◆ ASSIGNMENT
Below are records with pictures in them. Output exactly the lines from the one with "Лак для волос Super Strong Hair Spray: Лак" through the one with "ヴィラ フォレスタ【4階】の間取り", both included, and leave every picture out; give only those lines.

** Opening MATERIAL PROVIDED block **

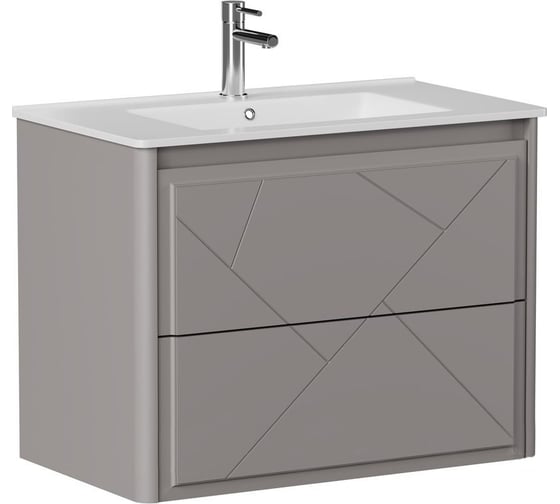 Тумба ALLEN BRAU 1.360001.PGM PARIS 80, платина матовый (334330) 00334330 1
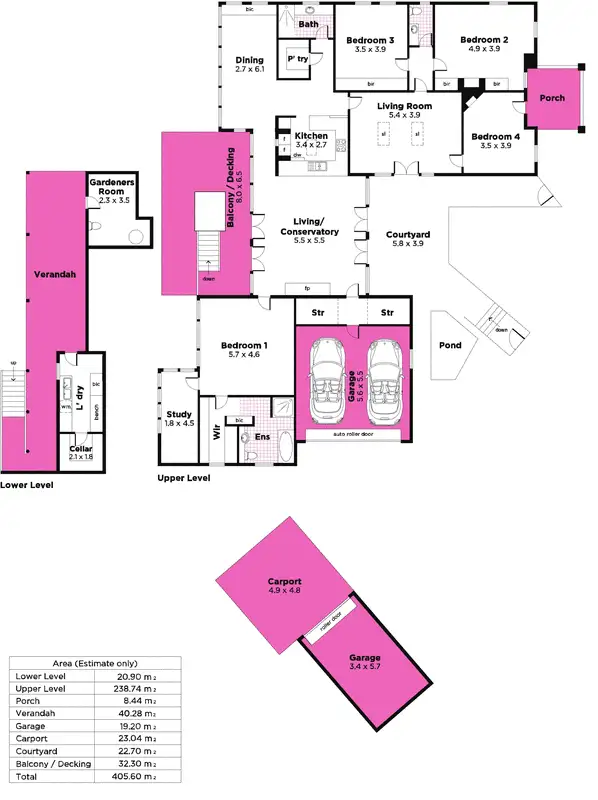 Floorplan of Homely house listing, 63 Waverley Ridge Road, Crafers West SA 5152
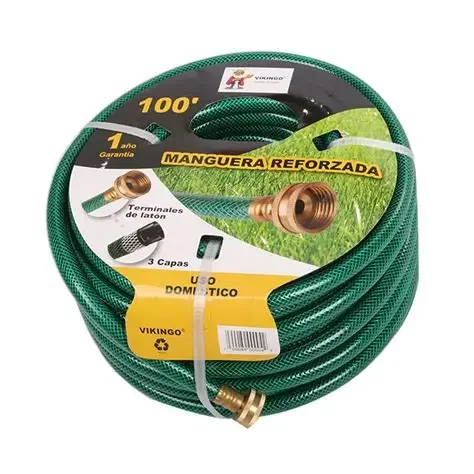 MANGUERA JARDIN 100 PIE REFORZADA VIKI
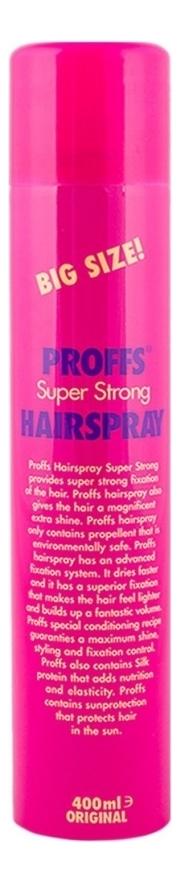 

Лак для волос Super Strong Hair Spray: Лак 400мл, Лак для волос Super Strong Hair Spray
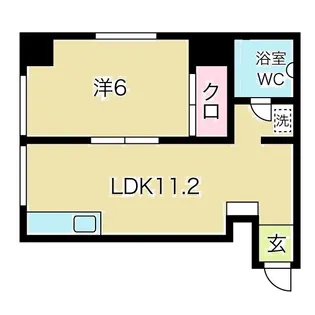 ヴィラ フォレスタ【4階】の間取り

** Closing MATERIAL PROVIDED block **
** Opening MATERIAL PROVIDED block **

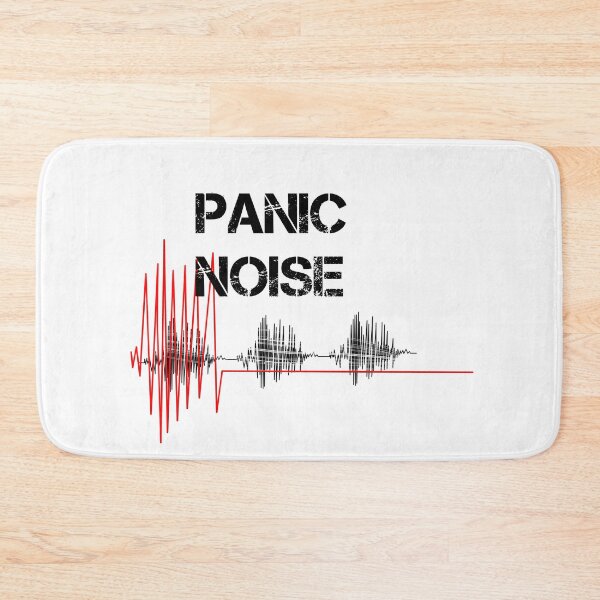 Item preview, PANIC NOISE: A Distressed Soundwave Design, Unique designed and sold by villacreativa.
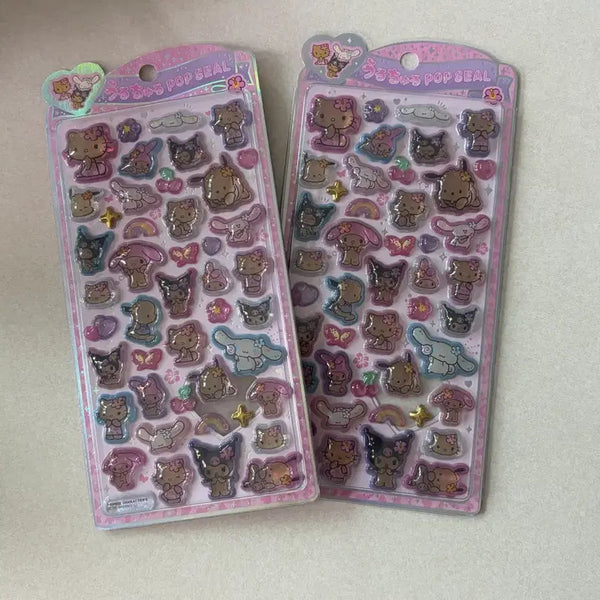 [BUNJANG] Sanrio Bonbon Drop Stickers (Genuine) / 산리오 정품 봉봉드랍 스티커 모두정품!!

** Closing MATERIAL PROVIDED block **
** Opening MATERIAL PROVIDED block **

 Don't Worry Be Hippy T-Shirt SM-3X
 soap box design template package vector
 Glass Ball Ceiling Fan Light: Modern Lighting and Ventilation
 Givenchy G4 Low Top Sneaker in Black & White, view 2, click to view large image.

** Closing MATERIAL PROVIDED block **

◆ WORKED SOLUTION
Лак для волос Super Strong Hair Spray: Лак 400мл, Лак для волос Super Strong Hair Spray
 ヴィラ フォレスタ【4階】の間取り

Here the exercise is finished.